But he’d chosen to do his duty as a servant of His Majesty’s Government, and he’d tried not to look back or think of what he’d lost. Most of all, he tried not to question if the sacrifice had been worth it.
A flicker of movement brought Lawrence out of the past, and he watched as Ellie paused in the arched opening of the folly, one hand on the stone casement. “Lawrence?” she called softly.
The shaft of moonlight that fell through the open doorway behind her prevented him from seeing her face, but it shimmered along the lines of her pale silk dress and outlined the slender curves of her body, calling to the desire he still felt for her and making him long more than ever for the old days.
“Lawrence?” she called again, more urgently this time, and he swallowed hard, forcing down memories and regrets. Straightening away from the wall, he emerged from the shadows. “I’m here.”
At the sight of him, she came inside, but she halted midway across the round room, still half a dozen feet from where he stood. “We don’t have much time,” she said. “As I told you, I want my sixpence.”
“And if I give it to you, what shall you give me in return?”

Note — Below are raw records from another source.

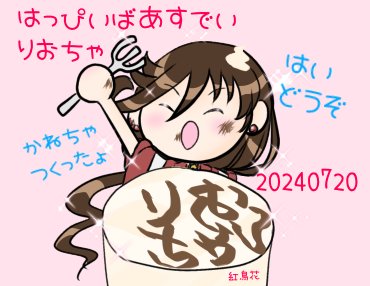 @lioemon_kanesan りおちゃんお誕生日おめでとう🎉🎉🎉
急いで作るよー!って急いでたら、簡素なケーキになっちゃった!かねちゃんと一緒に「はいどうぞ😉🎶」 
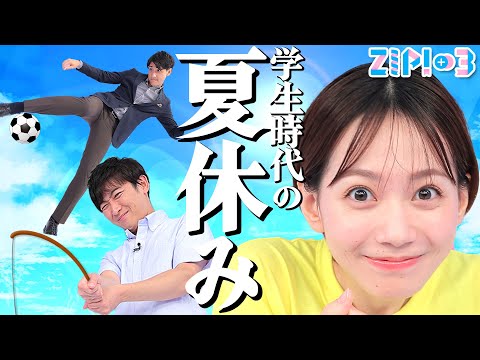 【夏休み】大学生の時「釣り」やってました！でも…健二郎さんとは話が合わないかも★山本紘之、石川みなみ、小林正寿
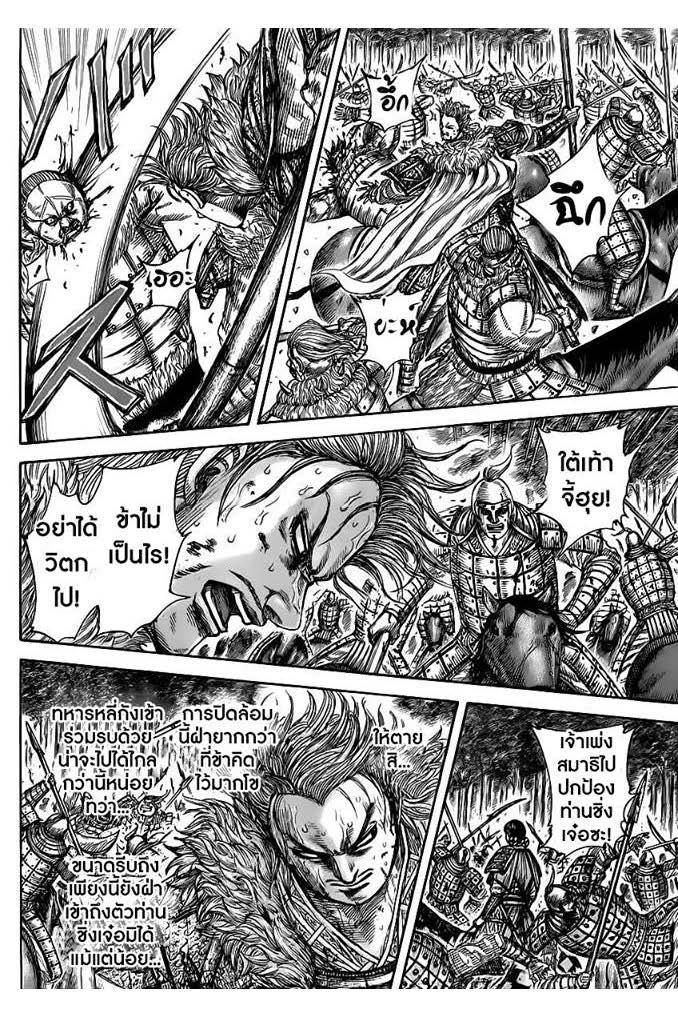 Manga-lc-com อ่านมังงะ อ่านการ์ตูน ออนไลน์ ฟรี Kingdom ตอนที่ 1 2 3 4 5 6 7 8 9 10 11 12 13 14 ฟรี ไม่มีโฆษณา Manga-lc - อ่าน มังงะ อ่าน การ์ตูน ออนไลน์ อ่านมังงะ ฟรี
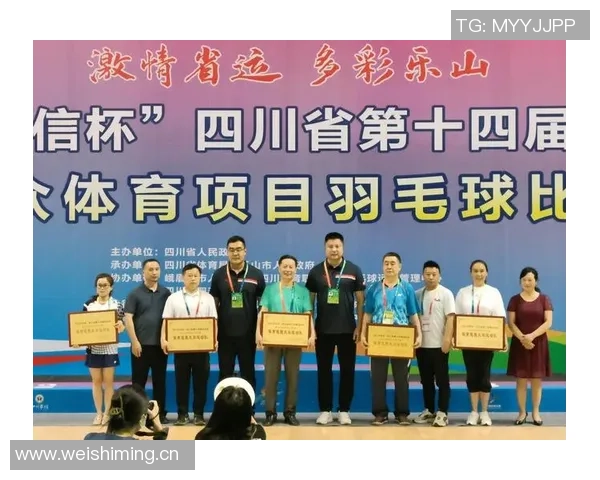 重庆羽毛球队荣登全国羽毛球耐力排行榜首位展现卓越实力与拼搏精神 重庆羽毛球队荣登全国羽毛球耐力排行榜首位展现卓越实力与拼搏精神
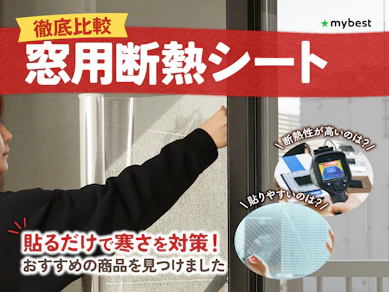 【徹底比較】窓用断熱シートのおすすめ人気ランキング【2026年9月】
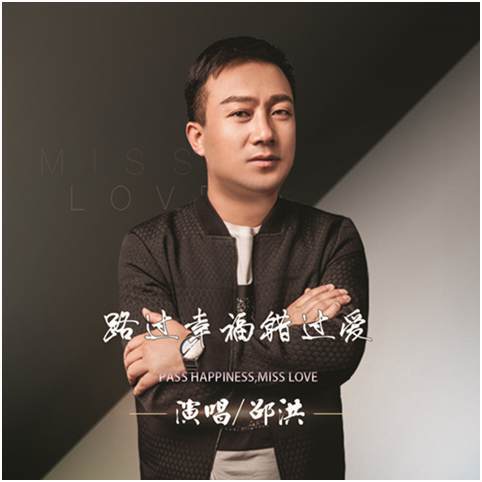 搜狐娱乐讯 5月15日,人气歌手邵洪全新伤感情歌《路过幸福错过爱》全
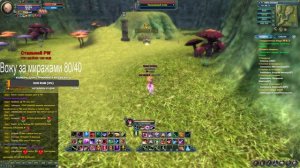 Фарм призывных боссов в пв - фарм 89 данж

“Why should I give you anything for returning my property?”
“Because possession is nine-tenths of the law?”
“Law?” she scoffed. “That’s rich. You picked my pocket, and now you dare to talk about the law?”
“Is that argument meant to persuade me? Because if so, I’m afraid you’re failing. You’ll have to do better, Ellie, if you truly want it back. And you did say you were willing to negotiate,” he added when she didn’t reply.
She studied him for a moment, then capitulated with an exasperated sigh. “Oh, very well. I’ll give you what you want.”
“What I want,” he repeated, his gaze sliding down before he could stop it, igniting the arousal that he’d been keeping at bay for months.
In the moonlight, her skin glowed like alabaster, pale and luminous, but he knew from experience it was more like soft, warm silk. His gaze caught at the shadowy cleft between her small, shapely breasts, calling to the desire inside him.
“Stop it, Lawrence,” she said as if reading his mind. “That’s not what I meant.”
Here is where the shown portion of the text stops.